### PROVIDED DATA
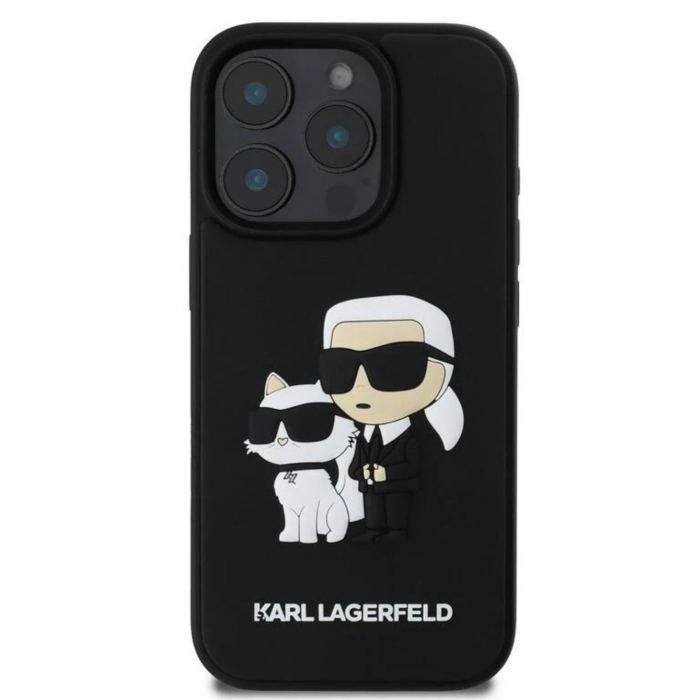 Husa pentru iPhone 16 Pro Karl Lagerfeld 3D Rubber Karl and Choupette, Black [3]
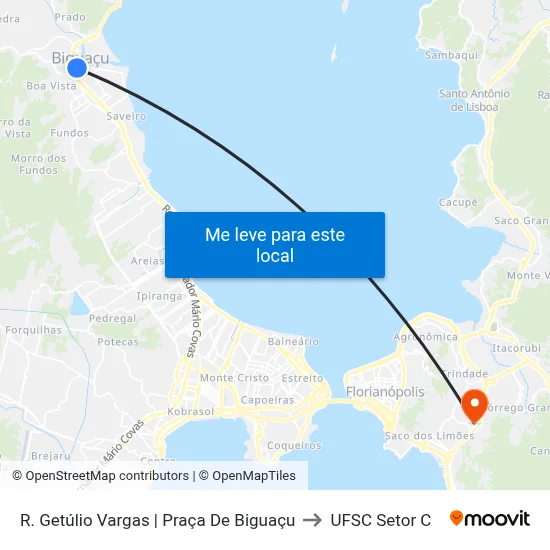 R. Getúlio Vargas | Praça De Biguaçu to UFSC Setor C map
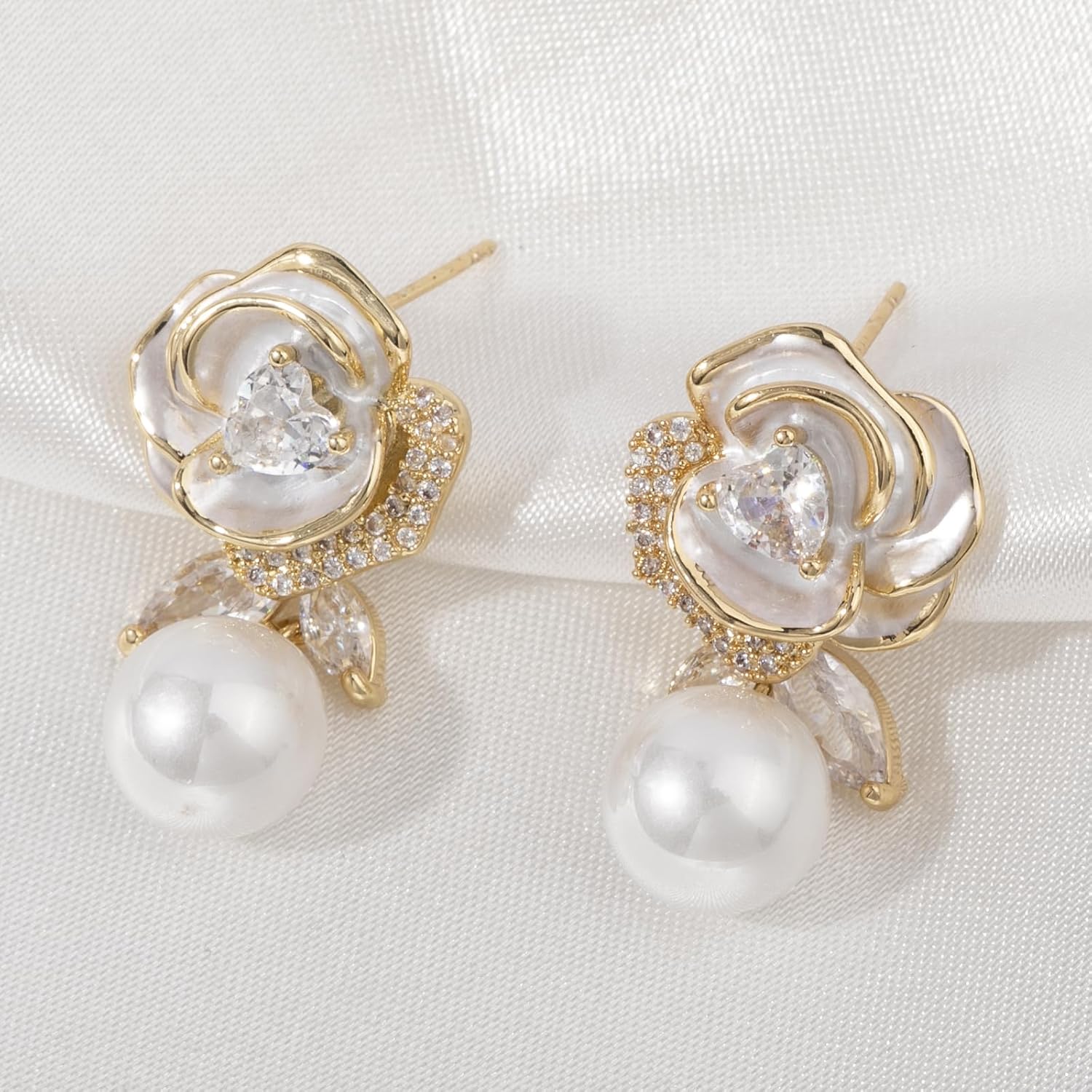 Elegant Pearl Flower Earrings for Women Cubic Zirconia Gold Floral Earrings Dangle Lightweight - Image 5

### EXERCISE GOAL
Go through the material above and repeat it exactly. Omit the pictures.

### WRITTEN RESPONSE
 Husa pentru iPhone 16 Pro Karl Lagerfeld 3D Rubber Karl and Choupette, Black [3]
 R. Getúlio Vargas | Praça De Biguaçu to UFSC Setor C map
 Elegant Pearl Flower Earrings for Women Cubic Zirconia Gold Floral Earrings Dangle Lightweight - Image 5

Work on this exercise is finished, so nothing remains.